Understand optional true in maven dependency

Today one colleague  from the other team was trying to mimic our behavior doing custom authentication on Hive-Server2. He asked me why he could not get the HiveConf.get(key) working. It basically gets the key we defined in hive-site.xml. It is convenient because if we put key/value there, we do not have to worry about path issue in cluster, just do HiveConf c = new HiveConf() and call get(key) . (side note: this way seems to be not recommended officially since now they have a bunch of enum value to restrict what you can define there) After looking at the source code. get() is actually a method in the parent Configuration class.
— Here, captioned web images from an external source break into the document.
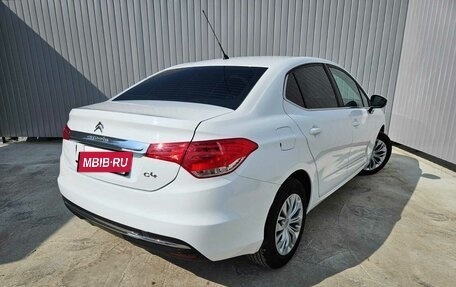 Citroen C4 II рестайлинг, 2022 год, 1 650 000 рублей, 4 фотография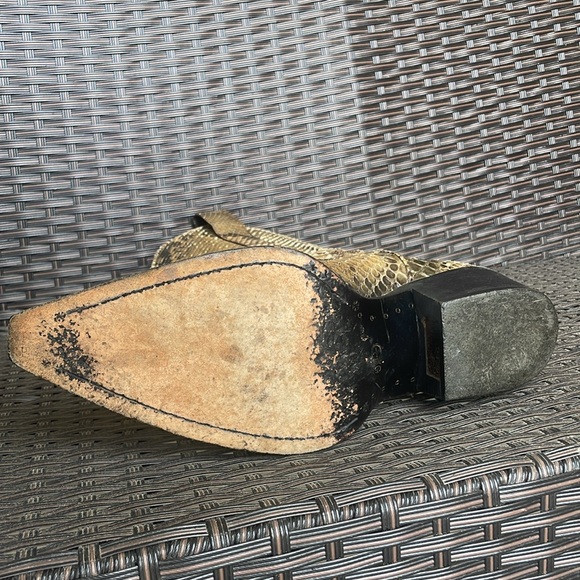 Gucci boots - Picture 4 of 5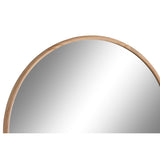 Wall mirror Home ESPRIT Natural Scandi 90 x 4 x 180 cm-2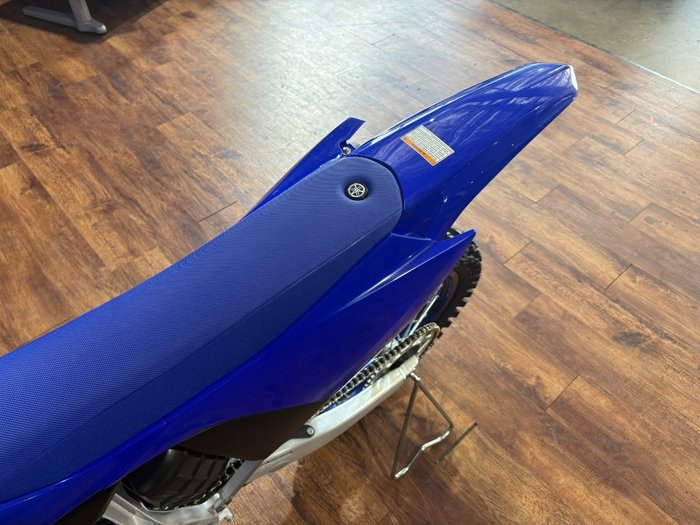 2025 Yamaha YZ125 Blue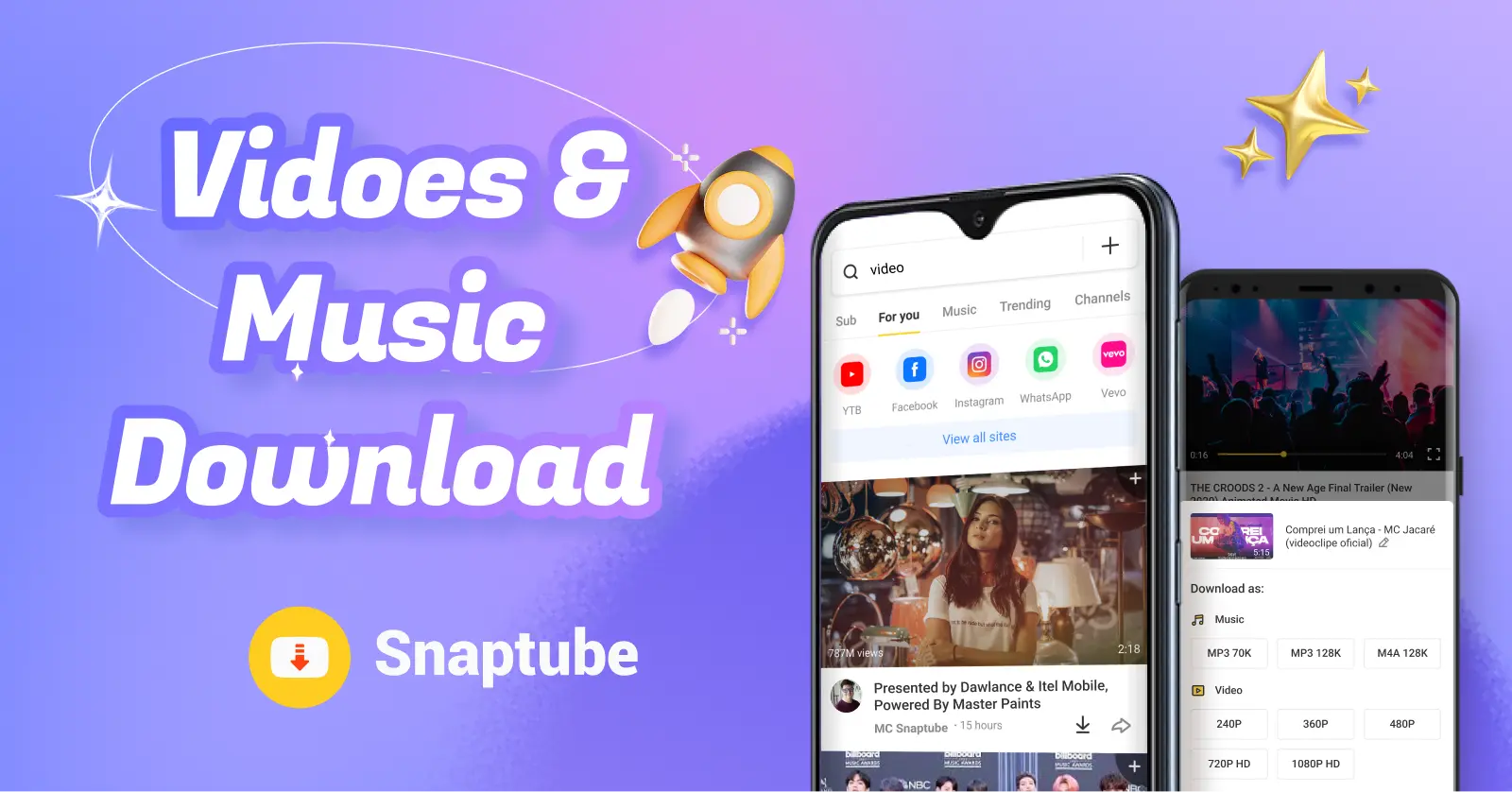 Snaptube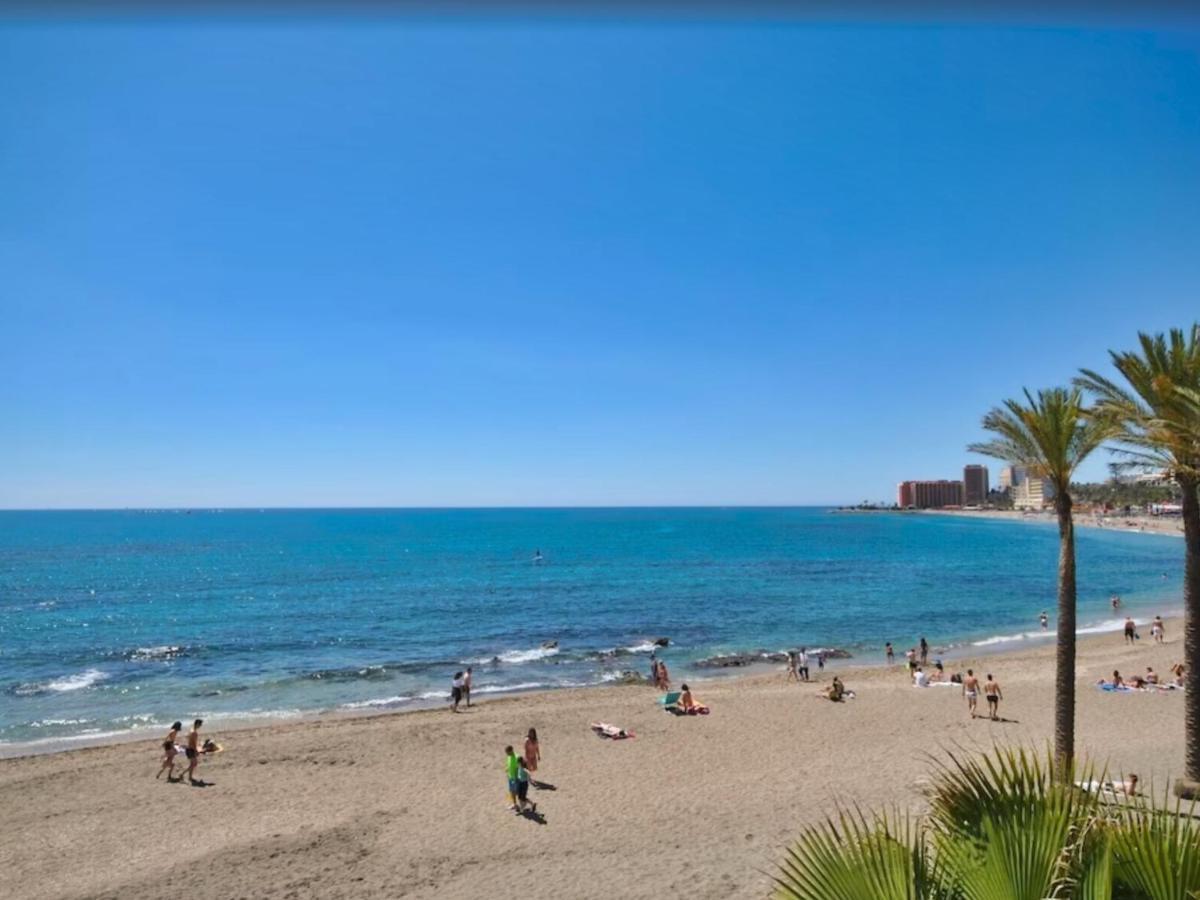 Benalbeach Playa - Estudio En ベナルマデナ エクステリア 写真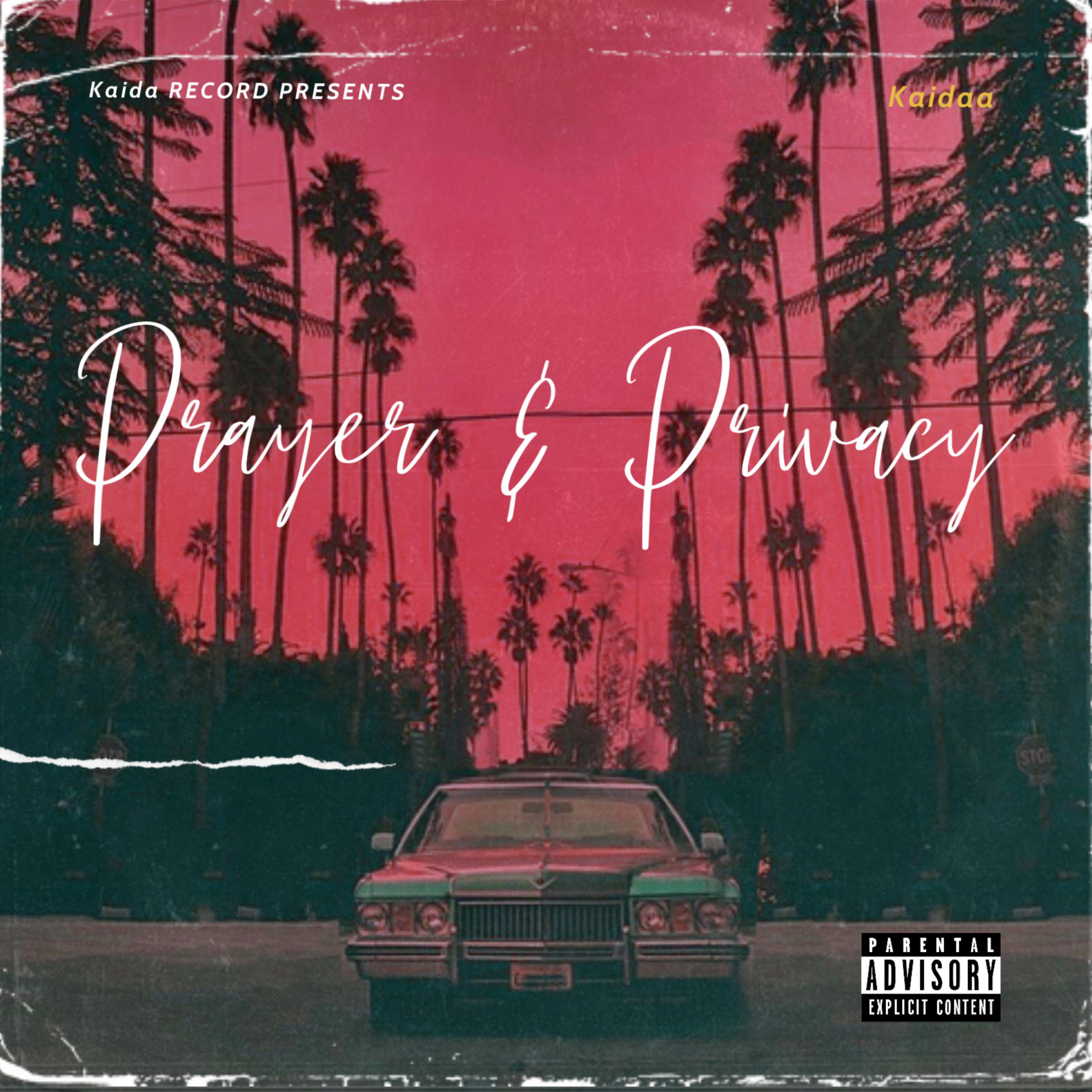 Prayer N Privacy artwork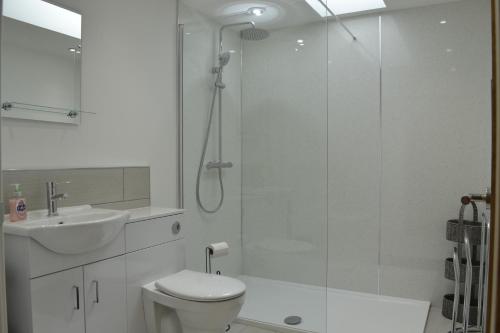 Bathroom, Smithy House in Guthrie Bathroom, Smithy House in Guthrie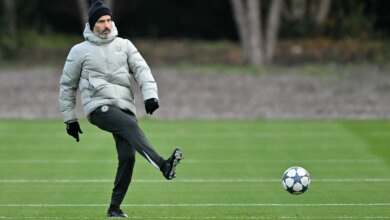 ماريسكا تعلن رسميا نجم تشيلسي ويرد بحزمه روني
لاليغا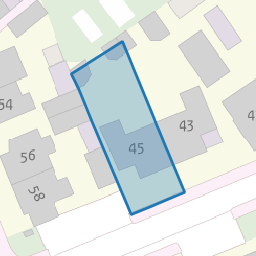 Perceel ODB01-M-4500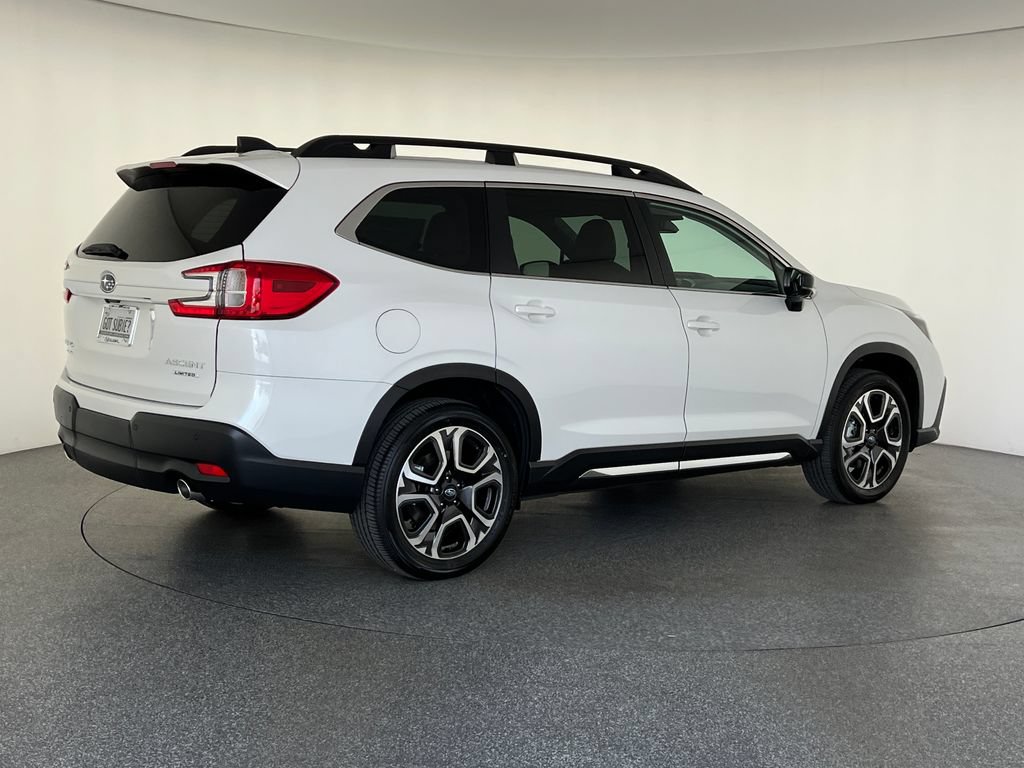 New 2026 Subaru Ascent Limited w/ Popular Package #2 AWD/4WD image 4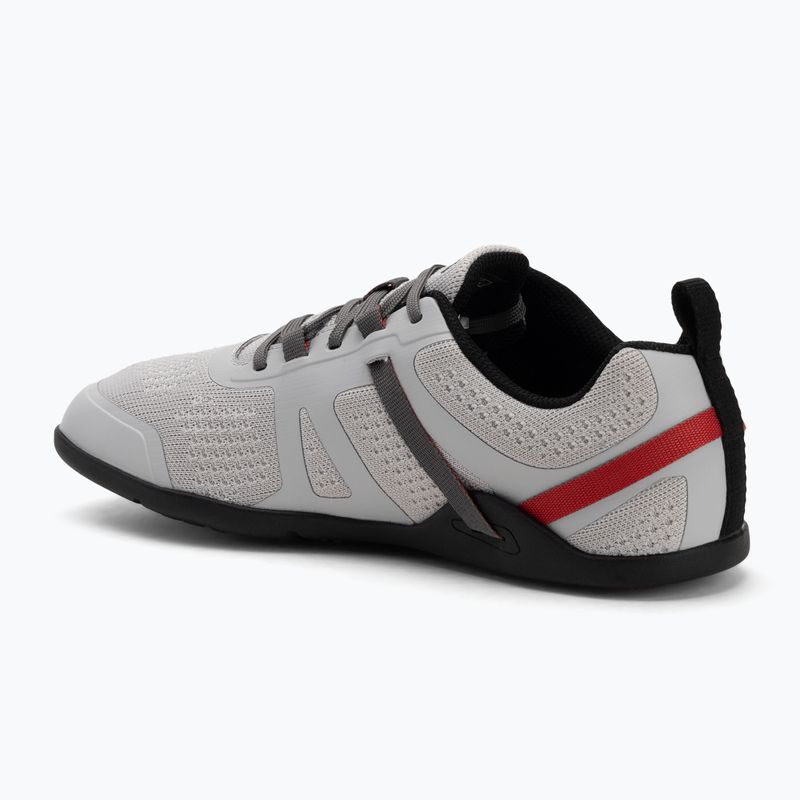 Buty barefoot męskie Xero Shoes Prio Neo quiet gray 3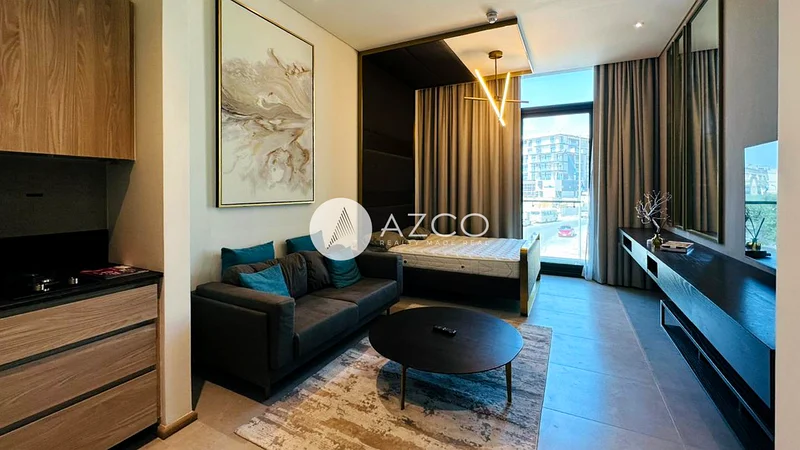 Premium Studio | Open View |  Vacant63778351194881114
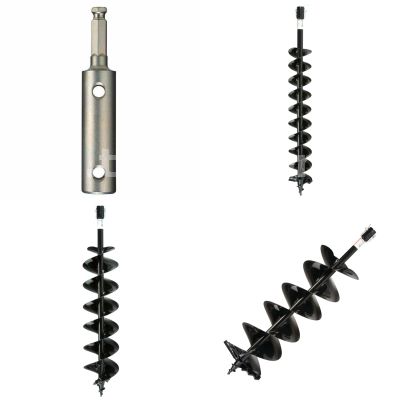 Makita FOLDFUROSZAR_AKKUS Földfúró fúrószár akkus gépekhez DDG460-hoz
import org.apache.hadoop.conf.Configuration;
public class HiveConf extends Configuration

On my pom, I explicitly included the

       <dependency>
         <groupId>org.apache.hadoop</groupId>
         <artifactId>hadoop-core</artifactId>
         <version>${hadoop.core.version}</version>
      </dependency>

So i can look at it from IDE directly. However there is no such dependency in his pom, I cannot find the artifact from the dependency tree either. This is really confusing to me.

It turns out the org.apache.hive -> hive-service has dependency on some hive-shims artifacts which has hadoop-core dependency specified as optional=true.

   <dependency>
      <groupId>org.apache.hadoop</groupId>
      <artifactId>hadoop-core</artifactId>
      <version>${hadoop-20.version}</version>
<optional>true</optional>
    </dependency>

so what is optional true? How come his jar can compile even without the hadoop-core dependency specified? The below pictures are from this POST.

Meaning of <optional>

In short, if project D depend on project C, Project C optionally depend on project A, then project D do NOT depend on project A.

image

Since project C has 2 classes use some classes from project A and project B. Project C can not get compiled without dependencies on A and B. But these two classes are only optional features, which may not be used at all in project D, which depend on project C. So to make the final war/ejb package don’t contain unnecessary dependencies, use to indicate the dependency is optional, be default will not be inherited by others.

What happens if project D really used OptionaFeatureOne in project C? Then in project D‘s pom, project A need to be explicitly declared in the dependencies section.

image

If optional feature one is used in project D, then project D‘s pom need to declare dependency on project A to pass compile. Also, the final war package of project D doesn’t contain any class from project B, since feature 2 is now used.

Our case

In our scenario, the hive-service depends on hive-exec which depends on hive-shims which has optional dependency on hadoop-core. So when the Configuration.get() is not used, his project could still compile even though HiveConf extends the Configuration class. Now if the get() method is to be used, then he need to explicitly declare the dependency on hadoop-core.